Newton’s theories also show why satellites stay in orbit, and Einstein’s allow those satellites to beam signals to a GPS device that I can use to navigate within a few yards.

But these theories have their limits, indicating that “something else” must be going on. There are also gaps between theories. And then there are discoveries that just cannot be explained right now, such as the existence of “dark matter,” the second-most abundant stuff in the universe, and the most abundant, “dark energy,” which is making the expansion of the universe speed up.

All of which has physicists eager for new data and theories.

“There’s a tremendous ferment in physics now,” says Andreas Albrecht, a physics professor and cosmologist at UC Davis. “I find that incredibly exciting.”
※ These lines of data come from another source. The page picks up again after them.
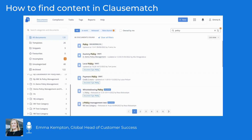If you want to restrict results to documents within one or more categories, go ahead and select them from the categories and documents section on the left hand side of the screen.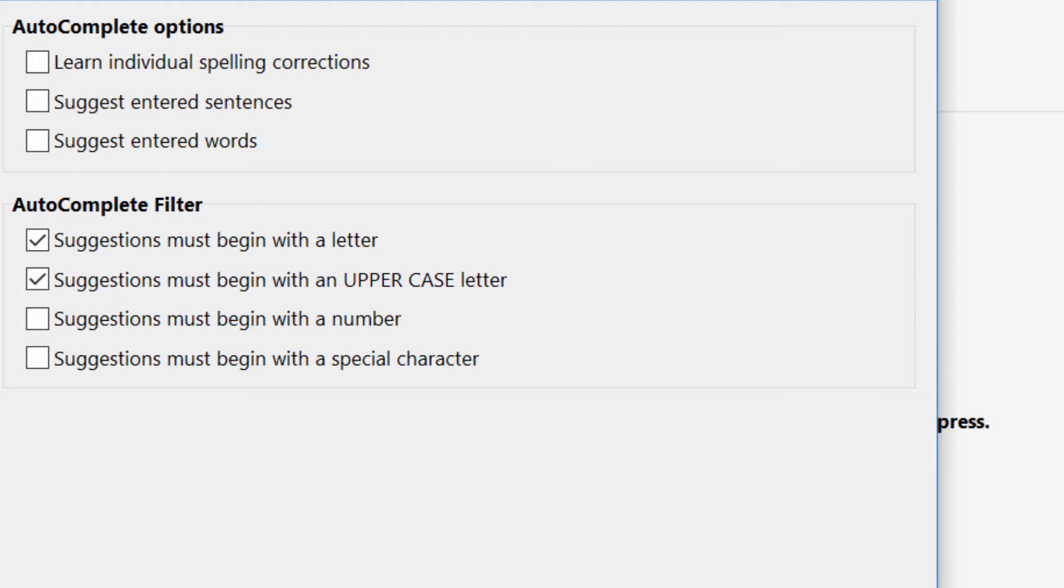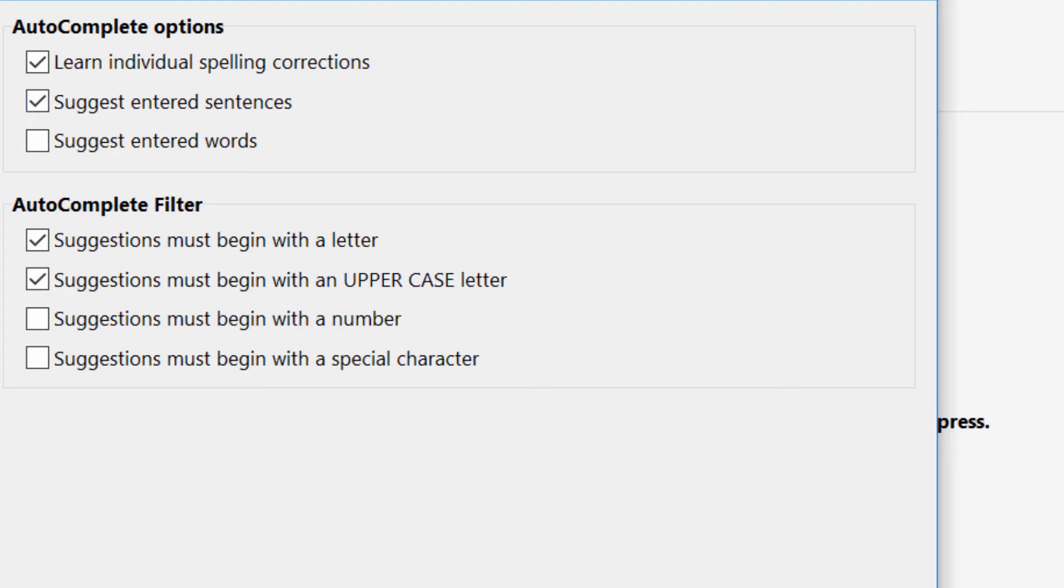PhraseExpress can detect if you correct a spelling mistake and can add it to your personal spelling correction library. PhraseExpress can also detect repetitive input of frequently used sentences and automatically store them as new phrases. The same goes for individual words that you type often.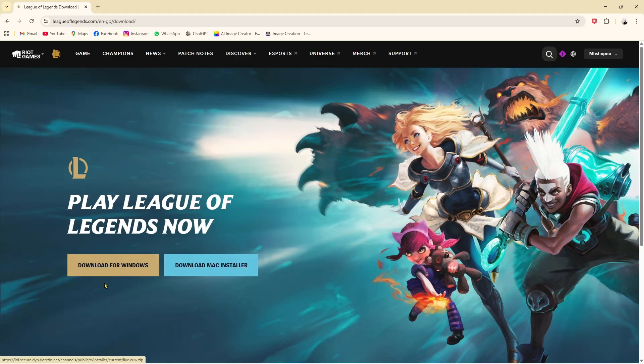After logging in, they show two options: 'Download for Windows' or 'Download for Mac Installer.' My computer is Windows, so I'm going to click on 'Download for Windows.'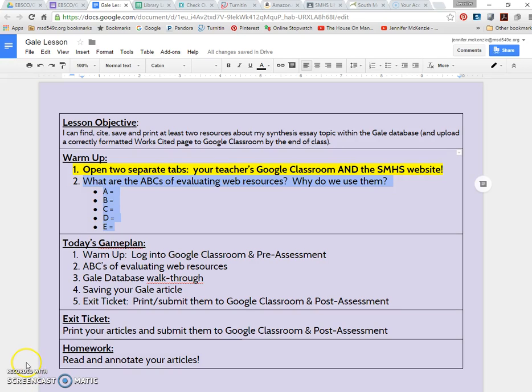Hi, this is Jennifer McKenzie, teacher librarian at South Medford High School, and this screencast is just showing you the Gale database lesson that I've been teaching this year, and I've taught it to grades 9, 10, 11, and 12.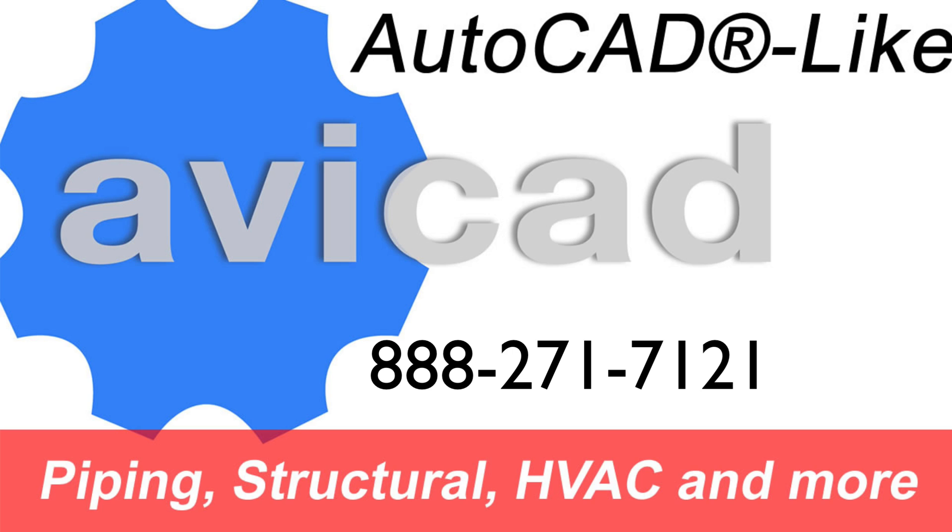If you have any questions, feel free to call. The number here is 888-271-7121. And I hope you have a great day. Bye.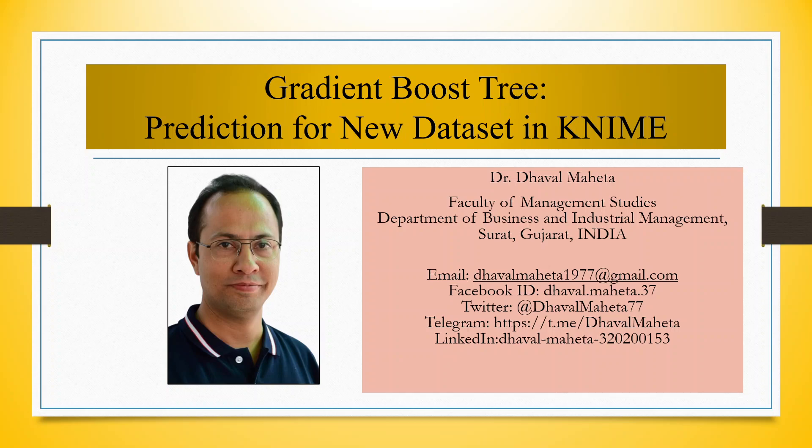Hello to all my viewers, this is Dr. Dawal Mehta and today we will understand how to do the prediction for a new data set using gradient boost tree in KNIME.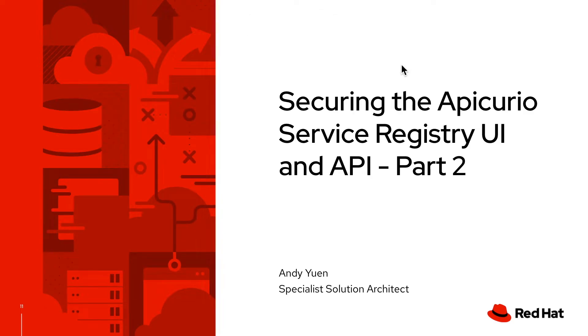Securing the Apicurio Service Registry UI and API Part 2.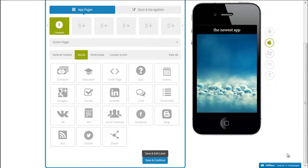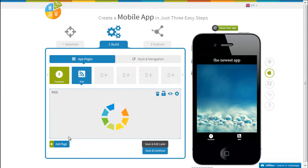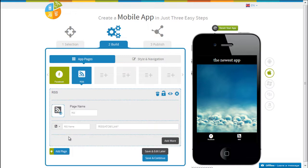Hi guys, this is RC from AppyPie and today I am going to teach you how to use the RSS feature in the app. For people who want customized content delivered right into the app, you can add the RSS page from the app pages.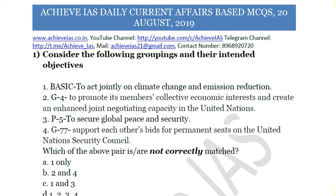Hey guys, welcome to our channel Achieve IES. On our channel we are targeting the exam of civil services, and for that purpose we have started multiple series targeting your prelims as well as mains. In this video we will be talking about our current affairs based MCQ series, in which we daily discuss 10 MCQs relating to the current affairs of the day. Today is 20th August, so let's discuss today's MCQs.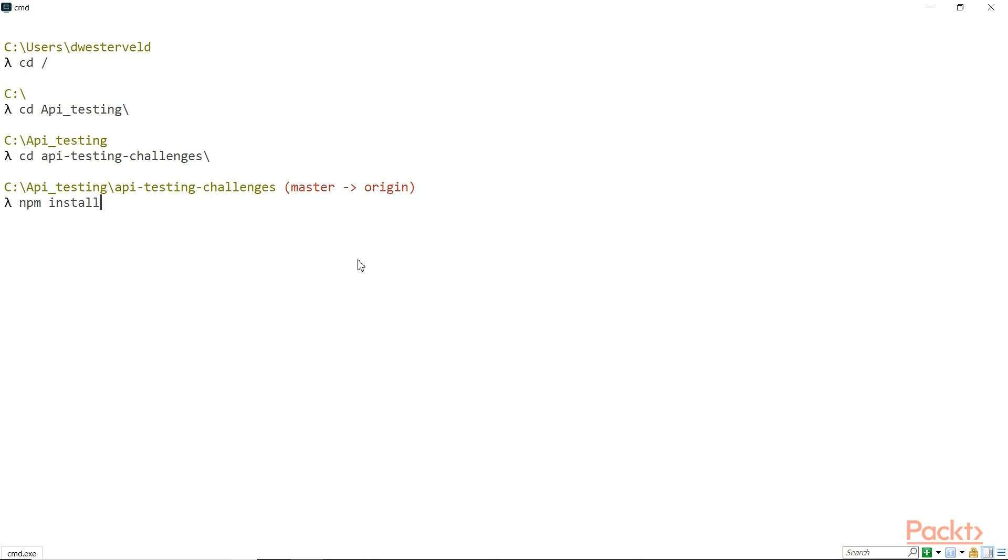And what that will do is install all the dependencies and everything that you need to be able to run the testing challenges. I'm not going to do that at this point because I've already installed it, but all you have to do is type npm install and then hit enter and it will install all the dependencies and packages that you need. And now you should be ready to go with the API testing challenges.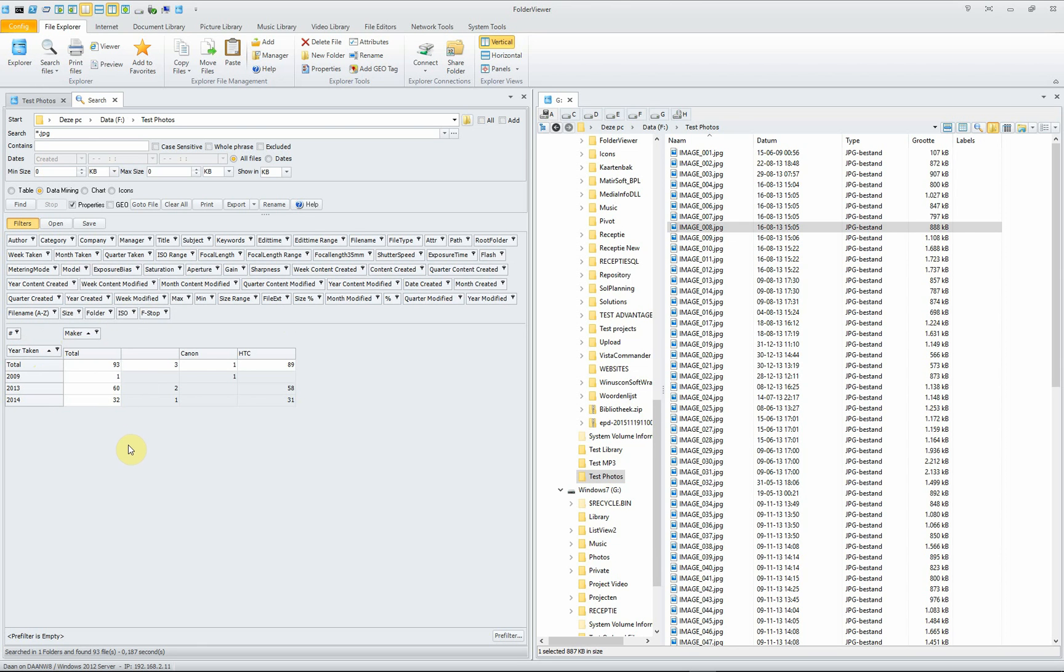And here you see we have used in the couple of years the Canon and an HTC and other photos which didn't have a camera or a maker.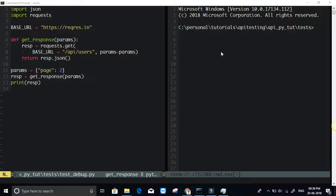Hello and this is another tutorial on API testing with Python series. Today I want to briefly introduce you to IPDB, that is IPython Debugger.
Such fundamental questions may not have an obvious, short-term payoff in new technology or products. But consider that hundreds of years elapsed between Newton and orbital satellites, about a half-century between Planck’s and Einstein’s work on quantum physics and the transistor. We live in a technologically advanced society because of advances in fundamental science.

Today the center of attention for particle physicists is the Large Hadron Collider or LHC, nearing completion at CERN, the European Organization for Nuclear Research, in Switzerland. The giant accelerator has taken 13 years to build at a cost of $8 billion, shared between 55 partner countries including the U.S. Some 6,000 scientists are working directly on the project, including 11 professors and research physicists from UC Davis. Many more are eagerly waiting to see the data it produces.

Einstein showed that energy is tied to mass, so at higher and higher energies more massive and fundamental particles come into view. The LHC will open up a completely new energy scale for study, says John Conway, a UC Davis physics professor involved with the project.

It will smash together two streams of protons, the positively charged particles found in the nucleus of the atom. Those collisions will throw off a spray of more fundamental particles, whose tracks will be captured by a series of huge detectors.

The LHC will hurl protons together with an energy of seven trillion electron-volts, about seven times that of the Tevatron at Fermilab in Illinois, currently the world’s most powerful accelerator. On top of that, the design of the LHC will produce particles at about 100 times the rate of the Tevatron, Conway says.

UC Davis theorist John Terning explains the concept this way: Imagine beings living within solid ice who are trying to understand their glacial universe. The ice scientists realize that at higher energy levels, water molecules should be able to move around, although in their world they are frozen in place. So they heat up a bit of ice, and it briefly turns to liquid, confirming their prediction.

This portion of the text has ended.